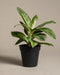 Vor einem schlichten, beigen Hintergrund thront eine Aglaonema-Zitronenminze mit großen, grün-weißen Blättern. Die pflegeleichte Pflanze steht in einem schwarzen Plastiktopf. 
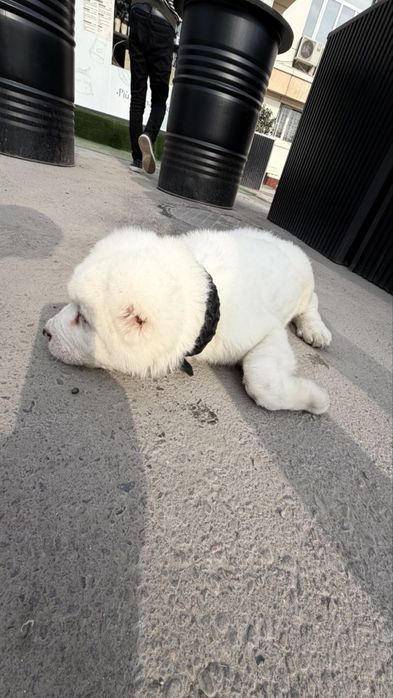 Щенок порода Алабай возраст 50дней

——

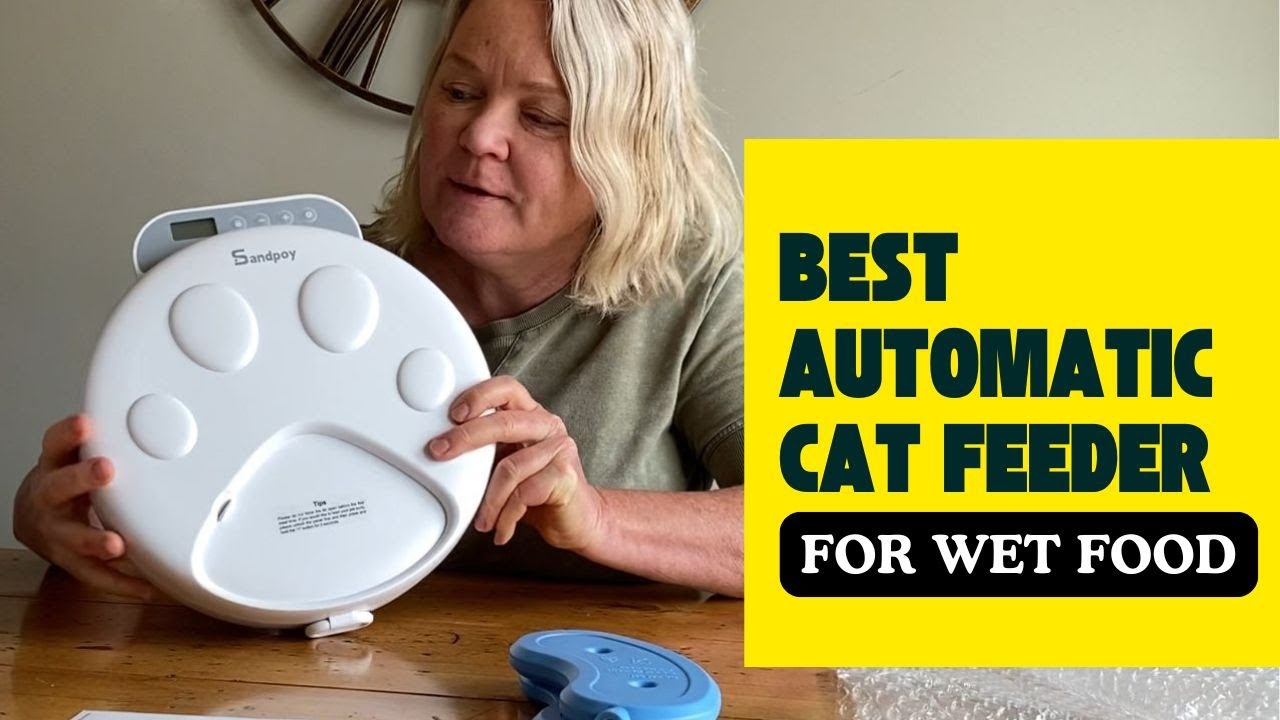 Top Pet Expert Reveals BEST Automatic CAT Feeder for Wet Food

——

Above are the records. Copy word for word only their lines from the one holding "Vor einem schlichten, beigen" through the one holding "Щенок порода Алабай возраст 50дней", both included, and skip the images.

- [SOLUTION FOR THIS PROBLEM]
 Vor einem schlichten, beigen Hintergrund thront eine Aglaonema-Zitronenminze mit großen, grün-weißen Blättern. Die pflegeleichte Pflanze steht in einem schwarzen Plastiktopf. 
 Щенок порода Алабай возраст 50дней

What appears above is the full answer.